____ Dataset records
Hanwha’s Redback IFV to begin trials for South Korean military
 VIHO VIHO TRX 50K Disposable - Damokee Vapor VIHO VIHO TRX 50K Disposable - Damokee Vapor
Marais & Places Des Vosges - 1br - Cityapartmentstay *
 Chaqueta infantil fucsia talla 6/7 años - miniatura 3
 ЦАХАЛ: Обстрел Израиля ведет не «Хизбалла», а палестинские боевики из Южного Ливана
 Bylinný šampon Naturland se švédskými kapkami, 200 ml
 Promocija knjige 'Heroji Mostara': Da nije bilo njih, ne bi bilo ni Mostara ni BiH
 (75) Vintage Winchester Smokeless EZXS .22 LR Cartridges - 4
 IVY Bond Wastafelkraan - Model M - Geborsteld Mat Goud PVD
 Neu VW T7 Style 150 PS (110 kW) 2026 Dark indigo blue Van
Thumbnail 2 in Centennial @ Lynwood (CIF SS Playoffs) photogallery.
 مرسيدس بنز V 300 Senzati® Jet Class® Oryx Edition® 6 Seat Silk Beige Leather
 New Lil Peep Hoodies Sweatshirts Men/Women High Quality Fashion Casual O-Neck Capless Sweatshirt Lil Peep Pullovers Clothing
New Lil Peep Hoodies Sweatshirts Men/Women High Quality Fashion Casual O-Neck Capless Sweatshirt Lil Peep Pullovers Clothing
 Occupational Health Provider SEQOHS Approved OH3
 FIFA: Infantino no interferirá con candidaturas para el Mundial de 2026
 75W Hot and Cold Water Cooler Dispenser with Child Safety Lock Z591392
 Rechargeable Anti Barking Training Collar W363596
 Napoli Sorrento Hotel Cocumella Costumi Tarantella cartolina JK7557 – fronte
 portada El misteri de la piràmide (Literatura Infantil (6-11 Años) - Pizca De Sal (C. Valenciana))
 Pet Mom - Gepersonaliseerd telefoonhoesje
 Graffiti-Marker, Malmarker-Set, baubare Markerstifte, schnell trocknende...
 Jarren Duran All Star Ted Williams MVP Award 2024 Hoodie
________
The problem:
Your answer must be a single number: the count of lines in the data that contain the string "Fashion".

Task solution:
2